■ Exercise details ■
The output should be limited to the line holding "Tarnish Resistant Column" and the lines after it through the end of the entries, each restated exactly.

[Caption-style text data]
----

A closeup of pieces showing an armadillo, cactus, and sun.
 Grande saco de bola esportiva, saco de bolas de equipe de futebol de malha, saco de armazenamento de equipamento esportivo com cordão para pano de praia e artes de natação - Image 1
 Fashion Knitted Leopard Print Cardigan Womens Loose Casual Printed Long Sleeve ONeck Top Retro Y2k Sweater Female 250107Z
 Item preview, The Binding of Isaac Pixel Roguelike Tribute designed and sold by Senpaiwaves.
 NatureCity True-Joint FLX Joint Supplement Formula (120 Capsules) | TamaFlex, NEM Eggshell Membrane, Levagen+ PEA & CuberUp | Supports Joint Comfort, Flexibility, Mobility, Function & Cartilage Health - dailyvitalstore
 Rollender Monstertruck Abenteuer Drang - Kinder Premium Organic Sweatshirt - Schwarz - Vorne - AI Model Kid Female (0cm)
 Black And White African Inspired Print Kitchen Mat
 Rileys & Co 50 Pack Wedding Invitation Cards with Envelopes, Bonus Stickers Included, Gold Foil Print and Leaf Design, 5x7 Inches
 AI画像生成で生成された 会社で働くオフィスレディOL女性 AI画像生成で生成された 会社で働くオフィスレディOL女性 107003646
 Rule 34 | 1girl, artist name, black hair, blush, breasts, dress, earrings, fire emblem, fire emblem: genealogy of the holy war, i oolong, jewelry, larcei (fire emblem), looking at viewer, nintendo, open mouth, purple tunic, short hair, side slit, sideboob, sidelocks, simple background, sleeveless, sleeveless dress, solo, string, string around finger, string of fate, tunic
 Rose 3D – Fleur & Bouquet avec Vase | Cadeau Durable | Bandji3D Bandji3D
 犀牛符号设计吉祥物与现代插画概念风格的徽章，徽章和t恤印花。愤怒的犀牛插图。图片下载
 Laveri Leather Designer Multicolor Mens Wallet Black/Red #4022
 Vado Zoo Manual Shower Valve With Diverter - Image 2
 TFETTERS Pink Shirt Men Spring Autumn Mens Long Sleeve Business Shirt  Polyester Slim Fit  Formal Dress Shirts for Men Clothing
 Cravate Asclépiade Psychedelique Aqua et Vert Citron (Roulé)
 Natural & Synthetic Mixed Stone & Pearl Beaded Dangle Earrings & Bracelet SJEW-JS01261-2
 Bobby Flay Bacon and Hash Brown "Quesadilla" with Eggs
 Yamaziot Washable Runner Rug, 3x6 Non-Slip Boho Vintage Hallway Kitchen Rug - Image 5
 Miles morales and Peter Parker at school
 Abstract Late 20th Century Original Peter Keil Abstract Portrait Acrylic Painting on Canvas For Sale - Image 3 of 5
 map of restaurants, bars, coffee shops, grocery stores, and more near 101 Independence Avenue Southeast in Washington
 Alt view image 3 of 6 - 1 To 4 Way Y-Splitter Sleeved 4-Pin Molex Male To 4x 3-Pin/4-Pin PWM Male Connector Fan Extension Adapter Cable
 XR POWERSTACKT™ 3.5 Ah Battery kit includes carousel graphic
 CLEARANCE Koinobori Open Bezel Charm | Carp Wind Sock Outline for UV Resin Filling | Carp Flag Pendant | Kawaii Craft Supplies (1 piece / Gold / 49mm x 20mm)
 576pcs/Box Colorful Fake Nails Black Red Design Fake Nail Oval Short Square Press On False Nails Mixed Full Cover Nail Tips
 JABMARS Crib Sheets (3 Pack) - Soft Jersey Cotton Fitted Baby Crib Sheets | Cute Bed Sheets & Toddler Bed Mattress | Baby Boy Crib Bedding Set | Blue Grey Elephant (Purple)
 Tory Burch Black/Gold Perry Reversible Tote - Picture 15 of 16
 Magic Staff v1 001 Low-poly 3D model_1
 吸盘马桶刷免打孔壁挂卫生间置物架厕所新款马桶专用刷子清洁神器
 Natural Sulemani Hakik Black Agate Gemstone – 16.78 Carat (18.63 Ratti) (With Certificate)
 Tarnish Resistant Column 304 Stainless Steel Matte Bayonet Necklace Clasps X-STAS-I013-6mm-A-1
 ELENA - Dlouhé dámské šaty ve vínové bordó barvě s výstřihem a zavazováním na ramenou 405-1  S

----

■ Exercise response ■
 Tarnish Resistant Column 304 Stainless Steel Matte Bayonet Necklace Clasps X-STAS-I013-6mm-A-1
 ELENA - Dlouhé dámské šaty ve vínové bordó barvě s výstřihem a zavazováním na ramenou 405-1  S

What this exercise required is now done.